Digital Developer Conference: Hybrid Cloud. On Sep 22 & 24, start your journey to OpenShift certification. Free registration

SimpleQuestions Relation Detection


The SimpleQuestions Relation Detection dataset is a set of relation extraction annotations derived from the SimpleQuestions dataset. Each entry in this dataset follows the order of questions listed in the SimpleQuestions dataset and corresponds to the following format: gold_relations \t negative_relation_pool \t question. The relation ids are mapped in a separate file titled relation.2M.list where the index of the ids starts at 1. The dataset is split into train, validation, and test sets to match the split used by the SimpleQuestions data.
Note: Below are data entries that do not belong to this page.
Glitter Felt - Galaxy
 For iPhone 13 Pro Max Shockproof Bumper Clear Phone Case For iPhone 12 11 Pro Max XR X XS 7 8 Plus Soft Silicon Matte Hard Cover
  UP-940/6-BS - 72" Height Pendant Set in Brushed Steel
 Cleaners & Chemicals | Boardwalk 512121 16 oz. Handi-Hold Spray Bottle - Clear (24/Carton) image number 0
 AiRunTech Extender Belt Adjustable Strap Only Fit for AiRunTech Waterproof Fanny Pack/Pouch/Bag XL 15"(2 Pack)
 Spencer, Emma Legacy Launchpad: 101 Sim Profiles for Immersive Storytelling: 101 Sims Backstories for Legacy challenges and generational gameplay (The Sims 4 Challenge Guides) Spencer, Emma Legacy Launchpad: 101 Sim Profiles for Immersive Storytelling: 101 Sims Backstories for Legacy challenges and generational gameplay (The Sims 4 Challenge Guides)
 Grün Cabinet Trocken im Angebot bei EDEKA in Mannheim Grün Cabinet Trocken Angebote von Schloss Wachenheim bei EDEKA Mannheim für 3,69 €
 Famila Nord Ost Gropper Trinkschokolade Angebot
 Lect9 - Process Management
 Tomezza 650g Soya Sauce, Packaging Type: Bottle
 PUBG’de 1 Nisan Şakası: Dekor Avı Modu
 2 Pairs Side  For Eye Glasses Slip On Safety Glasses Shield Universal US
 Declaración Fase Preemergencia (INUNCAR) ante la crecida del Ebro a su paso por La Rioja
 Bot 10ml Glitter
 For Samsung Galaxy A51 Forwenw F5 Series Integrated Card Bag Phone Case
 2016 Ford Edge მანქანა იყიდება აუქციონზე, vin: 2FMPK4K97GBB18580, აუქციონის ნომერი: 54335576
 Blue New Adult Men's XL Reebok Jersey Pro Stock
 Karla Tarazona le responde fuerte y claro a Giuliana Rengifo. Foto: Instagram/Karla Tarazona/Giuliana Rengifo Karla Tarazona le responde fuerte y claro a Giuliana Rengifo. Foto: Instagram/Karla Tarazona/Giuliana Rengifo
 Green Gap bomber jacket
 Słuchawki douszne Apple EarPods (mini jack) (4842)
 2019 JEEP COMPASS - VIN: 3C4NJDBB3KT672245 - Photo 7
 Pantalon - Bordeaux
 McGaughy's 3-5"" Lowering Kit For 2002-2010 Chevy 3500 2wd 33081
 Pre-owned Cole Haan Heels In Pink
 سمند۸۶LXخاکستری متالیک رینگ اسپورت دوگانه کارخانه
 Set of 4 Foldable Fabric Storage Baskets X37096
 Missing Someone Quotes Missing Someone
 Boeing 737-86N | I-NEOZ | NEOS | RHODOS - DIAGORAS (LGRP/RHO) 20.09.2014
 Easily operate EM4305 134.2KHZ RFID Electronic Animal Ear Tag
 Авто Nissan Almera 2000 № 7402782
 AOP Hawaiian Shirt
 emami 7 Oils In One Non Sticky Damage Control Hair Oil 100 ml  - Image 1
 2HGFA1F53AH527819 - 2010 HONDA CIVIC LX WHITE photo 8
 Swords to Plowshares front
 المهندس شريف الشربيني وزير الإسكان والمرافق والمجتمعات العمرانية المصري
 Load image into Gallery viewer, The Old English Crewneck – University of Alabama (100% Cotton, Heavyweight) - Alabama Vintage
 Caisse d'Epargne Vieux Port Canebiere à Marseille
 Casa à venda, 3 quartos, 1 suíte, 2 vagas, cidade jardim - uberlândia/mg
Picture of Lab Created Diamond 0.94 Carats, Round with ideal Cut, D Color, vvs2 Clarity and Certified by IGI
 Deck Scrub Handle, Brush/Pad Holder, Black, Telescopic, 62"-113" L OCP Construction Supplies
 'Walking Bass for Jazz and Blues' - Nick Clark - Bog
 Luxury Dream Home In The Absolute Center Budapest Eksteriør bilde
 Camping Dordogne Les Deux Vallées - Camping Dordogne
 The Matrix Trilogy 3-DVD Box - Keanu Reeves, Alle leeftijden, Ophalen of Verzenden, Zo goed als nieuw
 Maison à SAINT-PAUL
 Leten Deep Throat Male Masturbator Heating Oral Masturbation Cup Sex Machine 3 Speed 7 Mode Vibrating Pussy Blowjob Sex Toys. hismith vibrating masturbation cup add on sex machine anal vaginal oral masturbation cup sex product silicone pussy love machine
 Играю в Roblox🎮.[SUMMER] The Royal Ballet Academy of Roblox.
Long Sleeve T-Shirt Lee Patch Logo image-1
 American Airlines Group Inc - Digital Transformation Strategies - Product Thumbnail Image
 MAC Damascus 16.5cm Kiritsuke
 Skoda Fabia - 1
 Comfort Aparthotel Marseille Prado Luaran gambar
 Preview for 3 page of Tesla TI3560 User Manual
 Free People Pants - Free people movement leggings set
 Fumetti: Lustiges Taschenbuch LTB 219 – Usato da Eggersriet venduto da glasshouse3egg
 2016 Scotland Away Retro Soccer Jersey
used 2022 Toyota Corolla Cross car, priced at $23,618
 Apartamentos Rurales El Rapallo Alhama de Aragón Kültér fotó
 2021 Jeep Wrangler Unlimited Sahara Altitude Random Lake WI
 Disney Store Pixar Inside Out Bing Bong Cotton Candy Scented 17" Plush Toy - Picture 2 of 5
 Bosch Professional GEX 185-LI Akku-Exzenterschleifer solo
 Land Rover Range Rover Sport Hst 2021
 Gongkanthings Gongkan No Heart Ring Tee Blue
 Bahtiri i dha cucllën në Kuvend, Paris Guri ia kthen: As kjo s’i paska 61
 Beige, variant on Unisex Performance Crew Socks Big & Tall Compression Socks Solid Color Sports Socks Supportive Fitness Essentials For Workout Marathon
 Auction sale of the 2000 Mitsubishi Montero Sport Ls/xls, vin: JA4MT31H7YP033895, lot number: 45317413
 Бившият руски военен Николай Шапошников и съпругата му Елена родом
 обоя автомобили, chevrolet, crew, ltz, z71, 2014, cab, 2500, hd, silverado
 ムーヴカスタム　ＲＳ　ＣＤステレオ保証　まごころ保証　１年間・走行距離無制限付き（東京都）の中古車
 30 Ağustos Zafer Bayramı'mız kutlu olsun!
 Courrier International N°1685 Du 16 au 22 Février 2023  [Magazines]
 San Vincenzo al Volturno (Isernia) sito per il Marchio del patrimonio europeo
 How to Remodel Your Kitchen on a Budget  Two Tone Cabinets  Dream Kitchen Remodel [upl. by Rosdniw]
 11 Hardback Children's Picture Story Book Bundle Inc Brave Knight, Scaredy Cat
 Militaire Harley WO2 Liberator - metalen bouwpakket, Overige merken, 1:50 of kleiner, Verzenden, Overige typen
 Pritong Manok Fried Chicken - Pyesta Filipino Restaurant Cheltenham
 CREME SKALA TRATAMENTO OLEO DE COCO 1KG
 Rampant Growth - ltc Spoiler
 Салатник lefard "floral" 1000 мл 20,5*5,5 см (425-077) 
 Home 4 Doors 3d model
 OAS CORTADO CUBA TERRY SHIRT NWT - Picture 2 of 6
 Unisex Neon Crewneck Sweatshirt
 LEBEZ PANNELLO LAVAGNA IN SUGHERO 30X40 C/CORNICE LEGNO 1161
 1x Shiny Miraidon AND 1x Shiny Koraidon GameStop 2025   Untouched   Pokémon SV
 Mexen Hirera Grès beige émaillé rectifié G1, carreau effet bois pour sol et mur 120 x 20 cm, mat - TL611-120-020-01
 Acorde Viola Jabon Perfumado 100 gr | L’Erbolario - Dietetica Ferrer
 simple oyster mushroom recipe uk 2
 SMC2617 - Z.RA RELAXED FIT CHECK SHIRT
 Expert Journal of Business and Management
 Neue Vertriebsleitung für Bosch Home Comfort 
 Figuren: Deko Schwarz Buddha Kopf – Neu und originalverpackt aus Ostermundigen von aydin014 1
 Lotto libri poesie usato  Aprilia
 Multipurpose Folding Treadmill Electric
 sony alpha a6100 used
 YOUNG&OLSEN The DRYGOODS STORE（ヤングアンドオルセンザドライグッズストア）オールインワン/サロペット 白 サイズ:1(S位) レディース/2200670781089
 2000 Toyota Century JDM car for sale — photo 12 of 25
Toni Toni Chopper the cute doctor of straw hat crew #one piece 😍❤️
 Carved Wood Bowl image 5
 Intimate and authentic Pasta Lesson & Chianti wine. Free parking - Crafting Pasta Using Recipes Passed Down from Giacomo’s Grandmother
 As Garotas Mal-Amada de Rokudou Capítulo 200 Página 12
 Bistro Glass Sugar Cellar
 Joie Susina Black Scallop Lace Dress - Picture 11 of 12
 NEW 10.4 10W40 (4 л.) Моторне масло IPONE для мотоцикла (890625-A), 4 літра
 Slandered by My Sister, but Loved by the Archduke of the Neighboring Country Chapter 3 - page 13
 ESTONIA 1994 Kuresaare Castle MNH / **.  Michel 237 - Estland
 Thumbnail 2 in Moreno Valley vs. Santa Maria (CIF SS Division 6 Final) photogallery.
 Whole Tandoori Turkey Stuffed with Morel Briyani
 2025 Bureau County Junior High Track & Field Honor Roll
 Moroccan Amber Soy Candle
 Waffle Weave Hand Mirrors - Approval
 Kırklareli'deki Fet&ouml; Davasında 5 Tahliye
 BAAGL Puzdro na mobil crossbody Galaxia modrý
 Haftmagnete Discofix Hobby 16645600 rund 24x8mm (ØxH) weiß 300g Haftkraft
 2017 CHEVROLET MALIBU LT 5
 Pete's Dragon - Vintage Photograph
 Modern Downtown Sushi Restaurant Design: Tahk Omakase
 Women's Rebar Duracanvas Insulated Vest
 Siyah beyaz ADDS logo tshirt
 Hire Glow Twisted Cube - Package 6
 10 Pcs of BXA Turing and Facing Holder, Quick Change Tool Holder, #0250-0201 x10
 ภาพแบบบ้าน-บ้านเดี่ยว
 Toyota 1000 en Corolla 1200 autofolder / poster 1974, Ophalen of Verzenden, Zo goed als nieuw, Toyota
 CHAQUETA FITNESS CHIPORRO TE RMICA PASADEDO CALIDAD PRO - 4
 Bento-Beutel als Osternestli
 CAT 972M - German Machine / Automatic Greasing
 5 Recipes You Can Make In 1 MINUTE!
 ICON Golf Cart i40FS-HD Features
The relationship extraction task deals with generating semantic relationships between entities in a text. Relationships generally connect two entities via a certain affiliation. Examples of entities for instance can be types of people, organizations, or locations while relationships among these entities can be for instance types of spatial, social, or hierarchical relations. The entities “Steve Jobs” and “Apple” for instance may have the relation of “Founder”. Relation extraction is important in the field of machine reading and provides a necessary input into more complicated tasks for computers such as answering questions, acting as conversational agents, or summarizing text.

The original SimpleQuestions dataset was developed by Facebook and consists of 108,442 simple questions written by human English-speaking annotators. Each question is matched with an answer in the form of a fact consisting of a subject, relationship, and object. For more information or for access to the original SimpleQuestions dataset you can visit the dataset’s repository linked below in the Related Links section.

Dataset Metadata

Format License Domain Number of Records Size Originally Published
CDLA-Permissive Natural Language Processing 108,442 questions 7.7MB 2017-05-26

Example Records

40        61 40 117        which genre of album is #head_entity# ?
61        56 702 132 61 117 40 11        what format is #head_entity#
272        7 1 18 272 308        what film is by the writer #head_entity# ?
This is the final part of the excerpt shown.